Perlawanan rakyat Afghanistan dalam melawan
Soviet dilaksanakan dengan taktik perang gerilya mengandalkan jiwa turun
menurun bangsa pejuang. Penguasaan atas medan pegunungan yang berbatu dan
bergua menjadi kelebihan para pejuang ini. Para pejuang yang kemudian menyebut
dirinya Mujahidin (pejuang gigih) ini menarik simpati negara bebas (khususnya Islam) untuk
membantu dengan mengirim sukarelawan dan tentunya pula persenjataan.
Sementara Amerika Serikat yang baru saja terpukul
mundur dari Vietnam nyaris tidak berdaya dan khawatir akan terjadi konfrontasi
langsung mengarah kepada perang terbuka. Sehingga tidak berani melibatkan
pasukan daratnya membantu para pejuang di Afghanistan. Dalam keadaan seperti
ini, melalui Pakistan, Amerika memberikan bantuan persenjataan berupa peluru kendali
antipesawat (Stinger) untuk menembak helikopter tempur dan tank Uni Soviet yang ditakuti.
Dengan sejumlah bekal persenjataan bantuan dari AS
tersebut, pejuang Mujahidin bertempur mati-matian memukul mundur pasukan Soviet
yang jelas-jelas lebih terlatih dan dipersenjatai lebih baik.

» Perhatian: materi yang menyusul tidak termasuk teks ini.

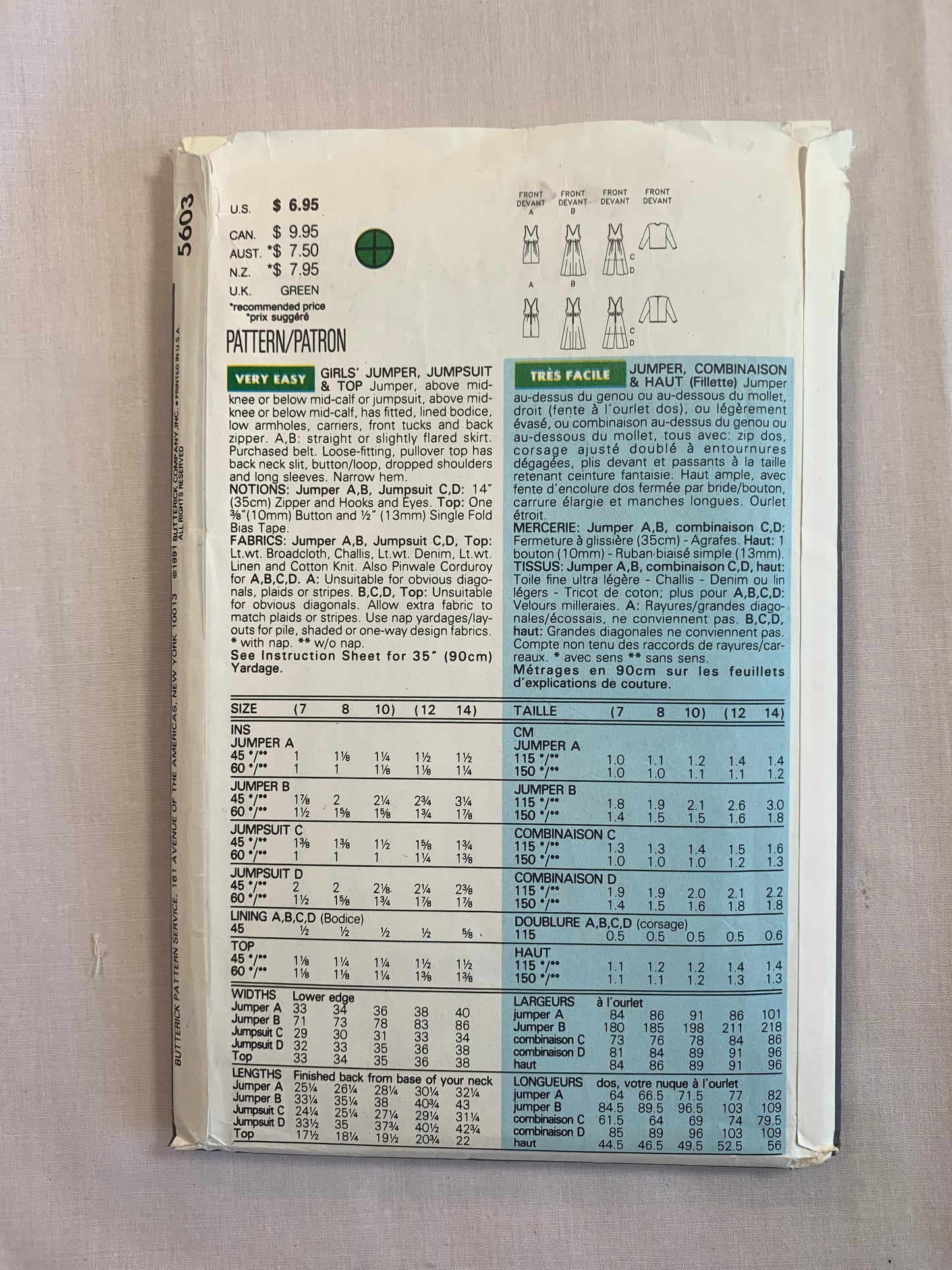 Butterick Busybodies Sewing Pattern 5603 Girls' Jumper, Jumpsuit, Top, Two Lengths, Loose-Fitting, Sleeveless, Zipper Back, Dropped Shoulders, Flared, Size 7-10, Uncut, Vintage 1991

Namun bukan
berarti Mujahidin sama sekali nol besar soal kemiliteran. Sejumlah besar
pejuang Mujahidin dilatih secara khusus oleh CIA pasca masa pemerintahan
Presiden Jimmy Carter. CIA juga memasok senjata, amunisi, dan peralatan.
Pihak intelijen AS juga menghimbau dan melobi
negara-negara dunia bebas serta Asean untuk membantu persenjataan para pejuang
Mujahidin dan menyediakan diri menjadi “koordinator”. Himbauan ini dengan cepat
ditanggapi sejumlah negara. Beberapa negara anggota Asean melalui AS mendahului
membantu dengan mengirimkan persenjataan ringan guna mempersenjatai para
Mujahidin. Bantuan perkuatan juga mengalir dalam bentuk sukarelawan dari Arab
Saudi, Aljazair, Yaman, Pakistan, Filipina dan Indonesia.
Bagaimana reaksi Indonesia? “Kalau kita bisa
(lakukan) sendiri, kenapa harus lewat Amerika,” pikir Letjen TNI L.B. Moerdani,
Kepala Badan Intelijen Strategis ABRI, seperti ditirukan Marsda (Pur) Teddy
Rusdy. Akhirnya pimpinan intelijen ABRI dengan persetujuan pimpinan nasional,
sepakat membantu para pejuang secara tertutup dan langsung tanpa melalui
perantara AS. Maka dipersiapkanlah suatu operasi intelijen yang diberi sandi
Flying Carpets (Permadani Terbang) atau disebut juga Babut Mabur. “Operasi ini
sangat tertutup sehingga hanya diketahui oleh sedikit orang,” ujar Teddy lagi.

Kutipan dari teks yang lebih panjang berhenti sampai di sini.